Intensification of the meridional temperature gradient in the Great Barrier Reef following the Last Glacial Maximum

Abstract

Tropical south-western Pacific temperatures are of vital importance to the Great Barrier Reef (GBR), but the role of sea surface temperatures (SSTs) in the growth of the GBR since the Last Glacial Maximum remains largely unknown. Here we present records of Sr/Ca and δ(18)O for Last Glacial Maximum and deglacial corals that show a considerably steeper meridional SST gradient than the present day in the central GBR. We find a 1-2 °C larger temperature decrease between 17° and 20°S about 20,000 to 13,000 years ago. The result is best explained by the northward expansion of cooler subtropical waters due to a weakening of the South Pacific gyre and East Australian Current. Our findings indicate that the GBR experienced substantial meridional temperature change during the last deglaciation, and serve to explain anomalous deglacial drying of northeastern Australia. Overall, the GBR developed through significant SST change and may be more resilient than previously thought.

Figure 1. Map of the south-western Pacific Ocean.

Locations of Integrated Ocean Drilling Program (IODP) Expedition 325 drilling sites at Noggin Pass (NOG) and Hydrographer’s Passage (HYD) in the central Great Barrier Reef are superimposed on annual mean sea surface temperature (SST) and surface ocean circulation patterns in the study area (SEC, South Equatorial Current; EAC, East Australian Current; TF, Tasman Front). For reference, the modern coral site at Heron Island (HER) in the southern Great Barrier Reef and sediment core MD97-2125 in the southeastern Coral Sea are shown. The Coral Sea is the region off the northeast coast of Australia that is bounded by New Guinea to the north and several smaller islands in the east. The Western Pacific Warm Pool is defined as the region where annual mean SST is greater than 28 °C (ref. 62).

Figure 2. Great Barrier Reef coral Sr/Ca and δ¹⁸O and western tropical Pacific temperatures.

(a) Western Pacific Warm Pool (WPWP) sea surface temperature (SST) anomaly (left y axis) and southeastern Coral Sea SST (right y axis) reconstructed from planktonic foraminiferal Mg/Ca.
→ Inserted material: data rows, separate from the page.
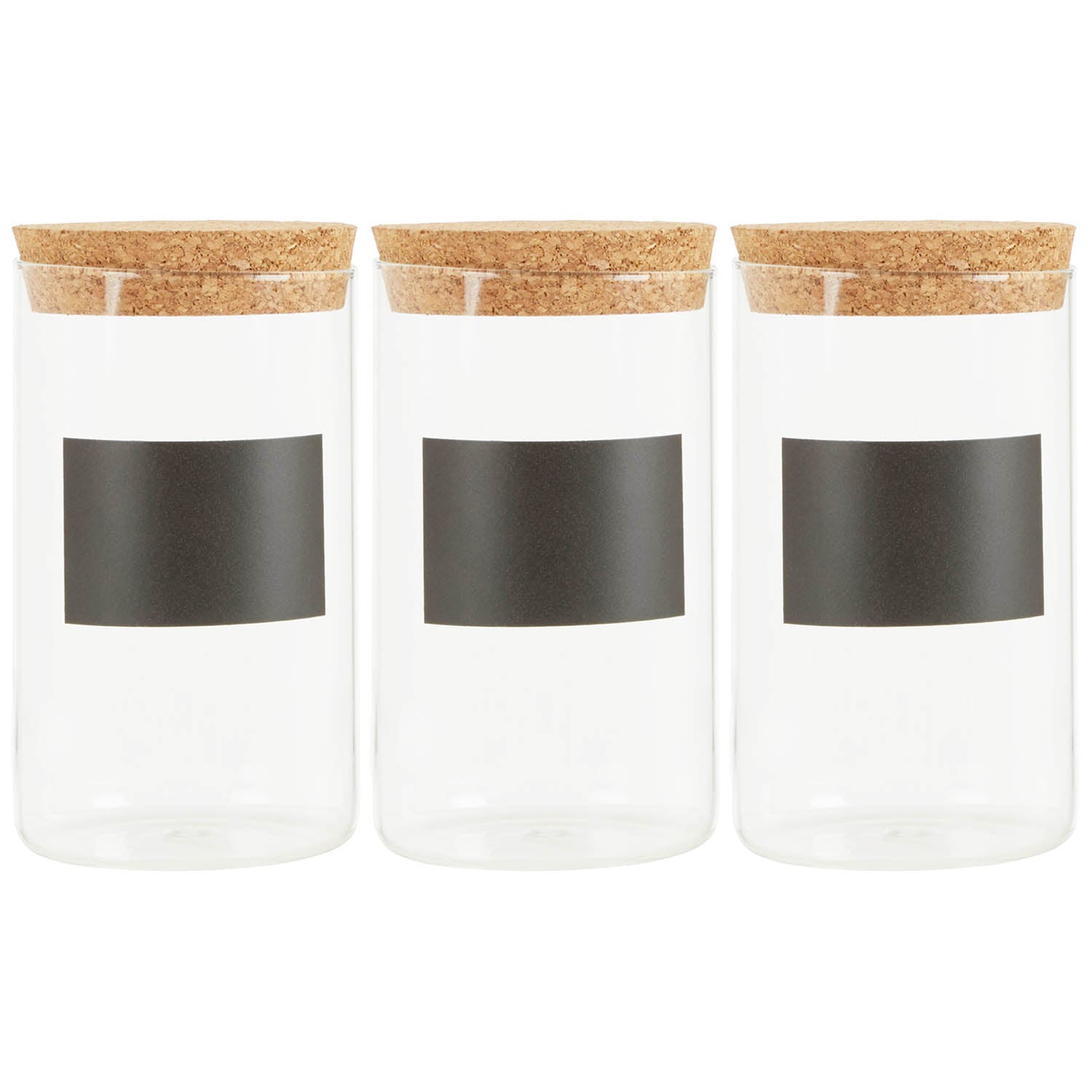 Tromso 3pc 1000ml Glass Cylinder Canister Jar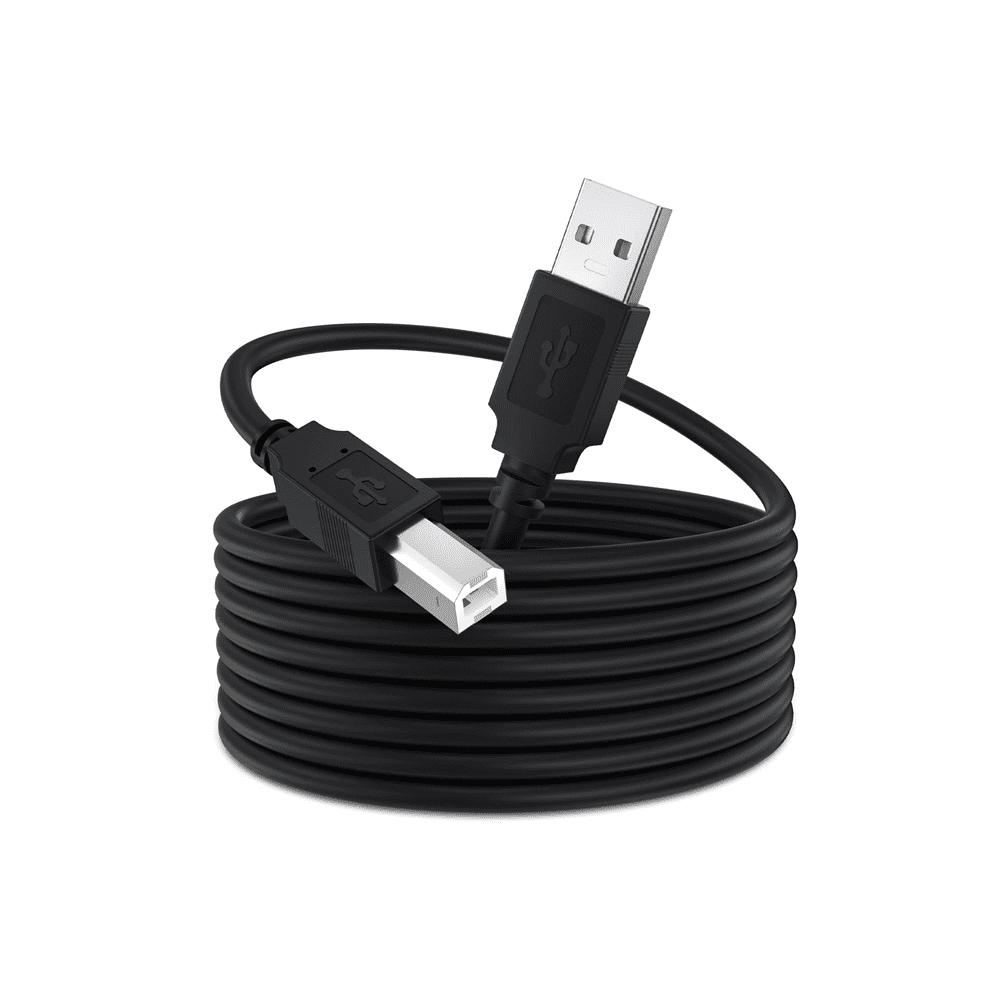 High-speed USB 2.0 cable connecting a computer to a printer, scanner, or fax machine.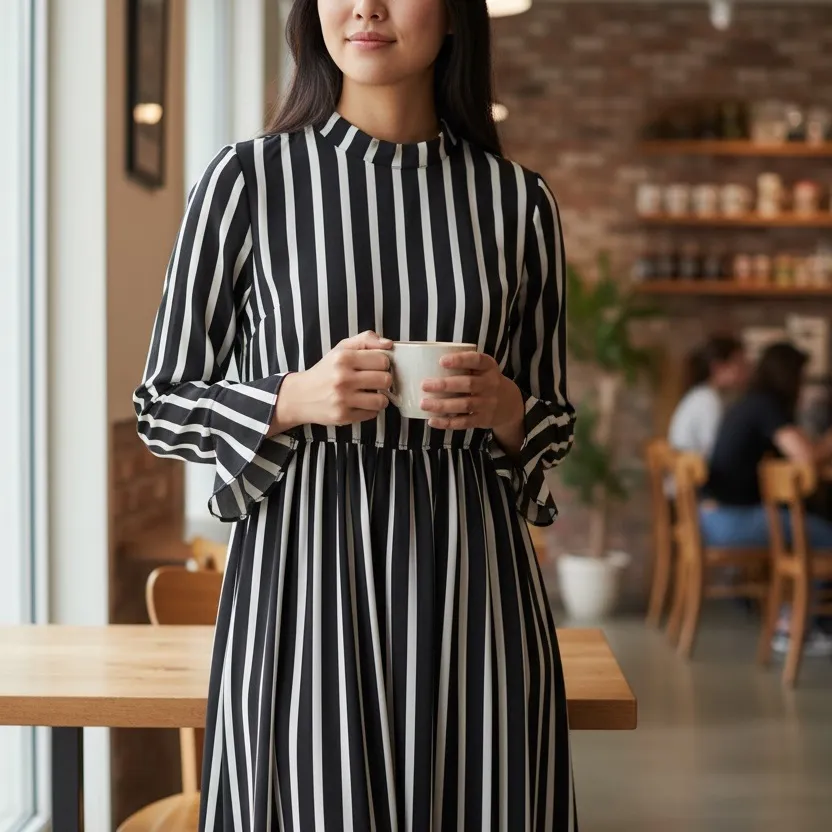 Chic Striped Long Sleeve Dress Black Size XL - Image 2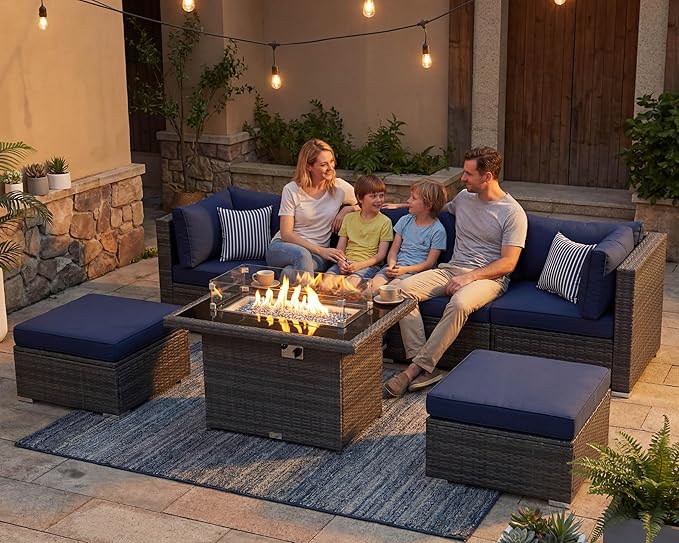 NICESOUL 7 Piece Outdoor Sectional Sofa Set with Firepit Natural Gas & Propane Convertible, Oversized Deep Seating Patio Furniture for Tall Person, 2 Color Cushion Navy & Gray for Easy Maintenance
Modern annual mean WPWP SST is >4 °C warmer than SST in the southeastern Coral Sea. (b) Mean Sr/Ca of individual Isopora palifera/cuneata corals from Noggin Pass (NOG) and Hydrographer’s Passage (HYD), central Great Barrier Reef (GBR), and Heron Island (HER), southern GBR (approximate latitude indicated). Weighted least-squares regression lines are shown for NOG and HYD, utilizing data variances as weights. HYD coral Sr/Ca is significantly different from NOG coral Sr/Ca (Methods and Supplementary Fig. 5). The coral-based SST anomalies are not adjusted for changes in seawater Sr/Ca, and thus provide upper estimates of the magnitude of cooling. However, the effects of seawater Sr/Ca changes are similar at both sites, so the reconstructed SST differences between sites are not affected. For reference, the fossil coral-based Sr/Ca-SST anomalies are plotted relative to average Sr/Ca at HER (dashed green line). Modern mean SST at NOG (26.6 °C) and HYD (26.0 °C) is shown relative to SST at HER (24.5 °C) and scaled using the mean coral Sr/Ca-SST relationships of −0.084 mmol mol⁻¹ per °C (ref. 34) (solid red and blue lines) and −0.140 mmol mol⁻¹ per ^°C (ref. 32) (dashed red and blue lines). (c) As in b, but for mean coral δ¹⁸O corrected for the influence of changes in ice volume using a global compilation of benthic foraminifer δ¹⁸O records (for uncorrected coral δ¹⁸O see Supplementary Fig. 8). The resulting coral δ¹⁸O-SST anomalies are shown relative to average δ¹⁸O at HER (dashed green line) using the average of three mean coral δ¹⁸O-SST relationships (−0.22‰ per °C, refs 32, 33, 34). The larger cooling inferred from coral δ¹⁸O compared with Sr/Ca suggests a positive seawater δ¹⁸O anomaly. Modern mean SST at NOG and HYD is shown relative to HER (solid red and blue lines). The grey shading indicates the timing of the Last Glacial Maximum (LGM).